Especially if there will be no-one to pick it up quickly - this is the best way to speed it up. I am happy to help with reviewing and guiding you if needed @DRavikanth !
@potiuk, I am happy to work but, I have no knowledge on this/airflow. I recently started to learn and evaluate Airflow for few of our use cases.
yes, It would be great if you can guide me along.
yes, It would be great if you can guide me along.
I do not know much about presto - but when we join forces...
The gist of it is the Presto Operators to start using the client library you mentioned - so it has to be changed in setup.py
- there is presto
extra there and it has the dependencies there -> changing them to use Trino dependency is a good idea.

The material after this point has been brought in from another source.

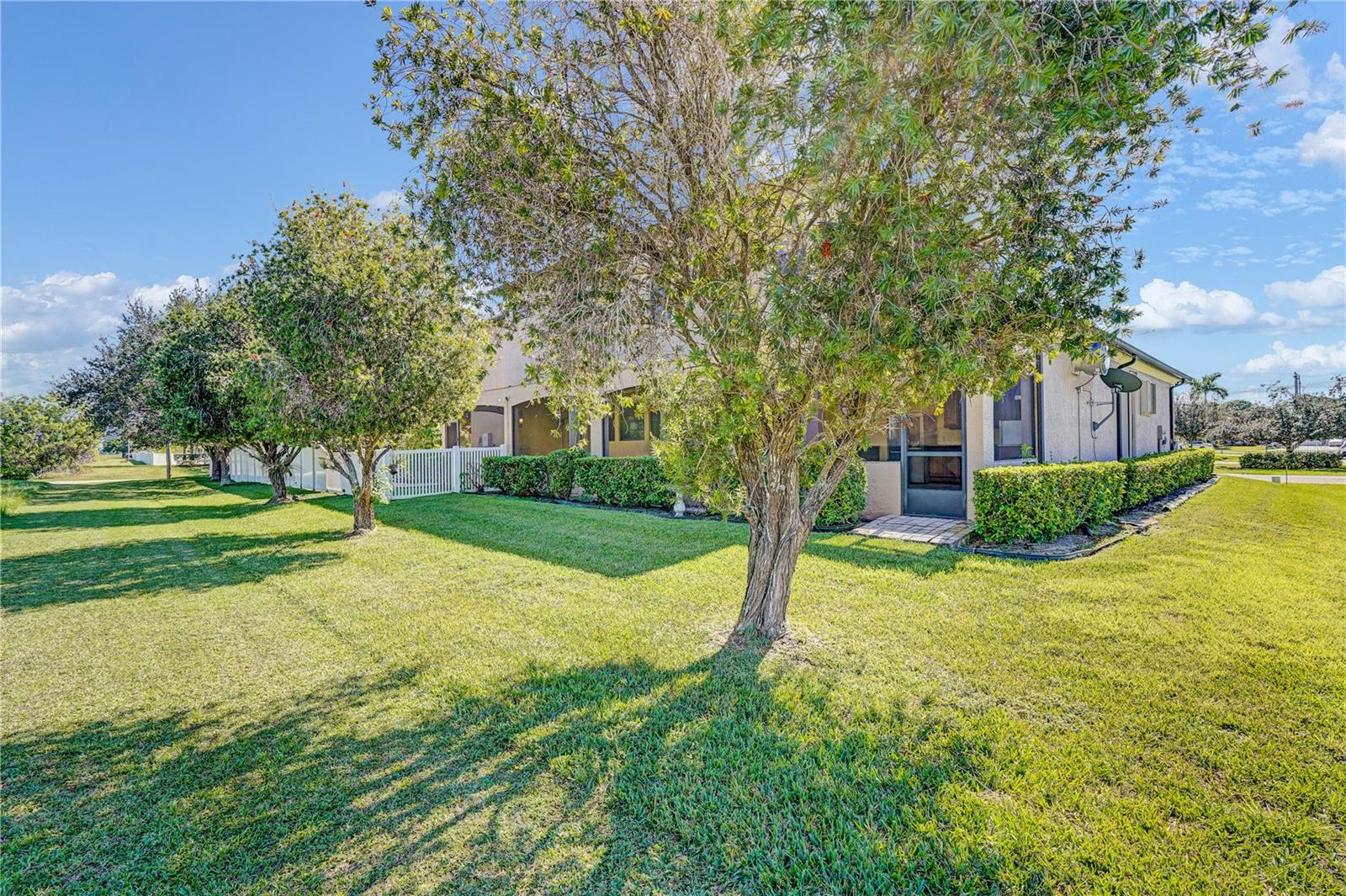 Image 57 of 72 For 5811 Blue Bonnet Court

In fact we've already discussed renaming the provider to "trino" (we are aware of the name change) so a good start would be to find all the places where "presto" is mentioned in the code and create a new provider trino
that would be just copy of presto and you could use the new dependency in the new provider instead of the old one.
That would be under "airflow/providers/presto" "tests/providers/presto", "docs/apache-airflow-providers-presto" and few other common places.

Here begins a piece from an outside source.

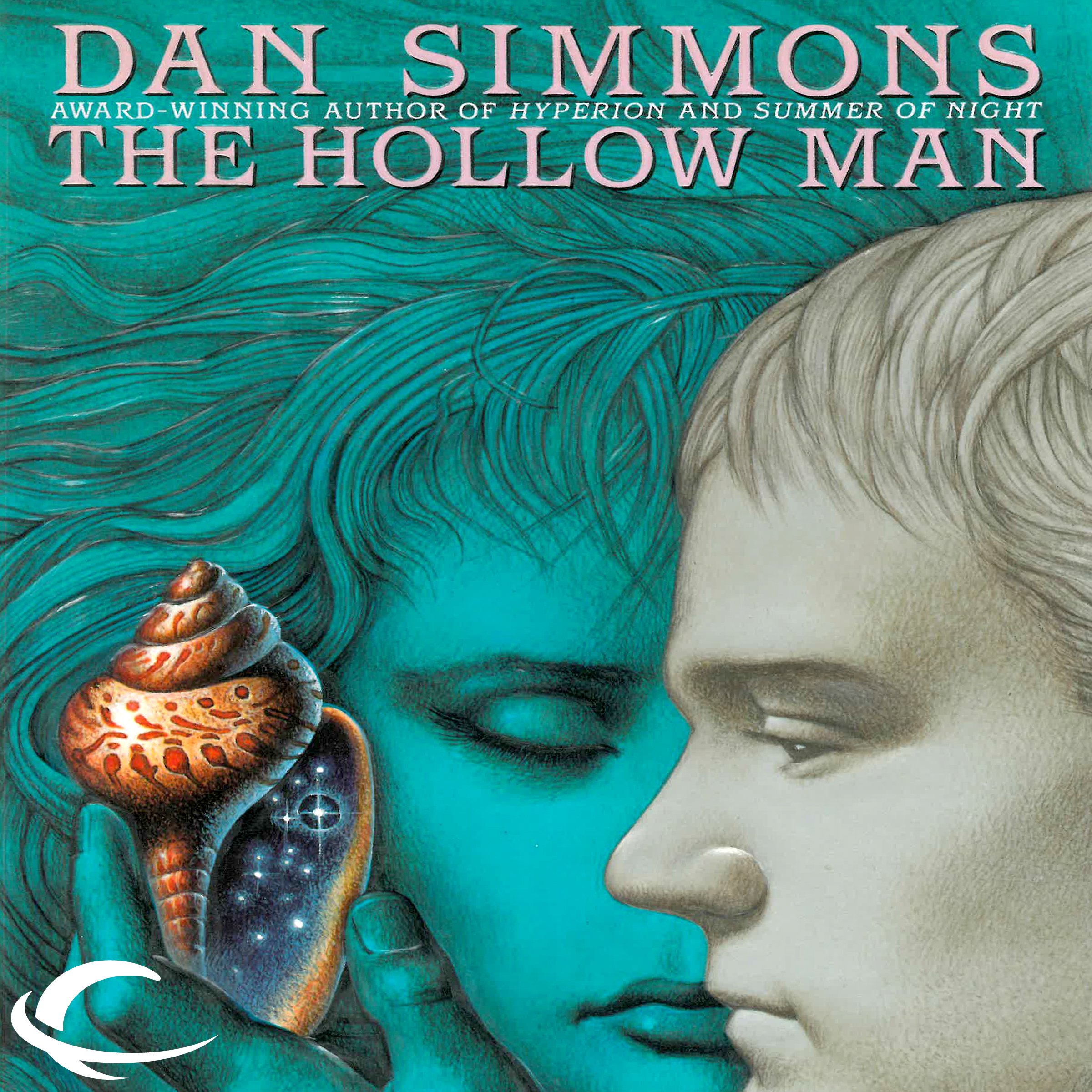 The Hollow Man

That would give a chance for Facebook to still maintain the presto provider if they want to. Then just switching imports to the new library should do the trick I believe :).

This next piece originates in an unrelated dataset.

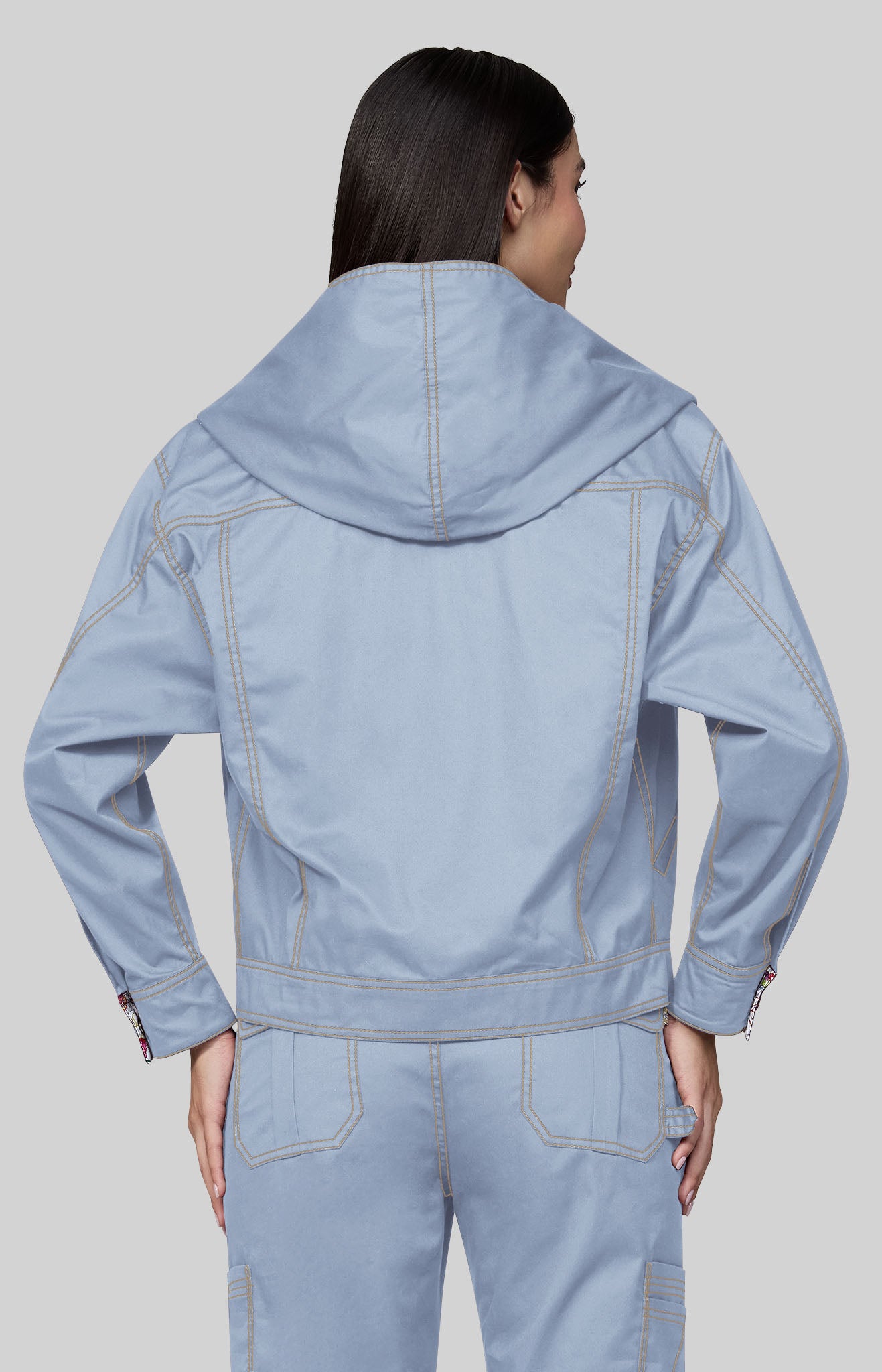 koi Classics - Scrub Tops, Pants, Lab Coats, Dresses, Jackets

That woudl be a good start. There is some more work needed to make integration tests working (we have a docker compose to run presto database). But we can worry about it next (@mik-laj implemented even a kerberos integration there) - happy to guide you trough the process when we get there.
There was a message about it in the mailing list : https://lists.apache.org/thread.html/r8c1f1c330113052ae0a27c55611f582dcf1aaae84cc8f0a0cc37d5a2%40%3Cdev.airflow.apache.org%3E
Assuming creating integration from scratch with https://github.com/trinodb/trino-python-client the scope is adding a new provider. A reference for adding a new provider can be found in https://github.com/apache/airflow/pull/13324 (You can start by adding only TrinoHook under the new Trino provider)
I'm not sure if it requires to discuss this again on the mailing list. It's a bit tricky as some of Trino users (like me) are currently using Presto provider and it might be difficult to notify about splitting the provider.
In any case I'd be happy to help with review as I'm running Trino and currently working with the existed PrestoHook (which uses prestodb package)
Thanks for the tips @potiuk / @eladkal. I will check that and spend sometime to work on this.
Description We currently are having PrestoHook that underneath uses presto-python-client. Now with Trino (formerly known as PrestoSQL) is renamed and there are a change of headers in Trino presto-python-client will no longer work and so PrestoHook provider breaks.
What do you want to happen? Ask is to provide support for TrinoHook which uses https://github.com/trinodb/trino-python-client underneath.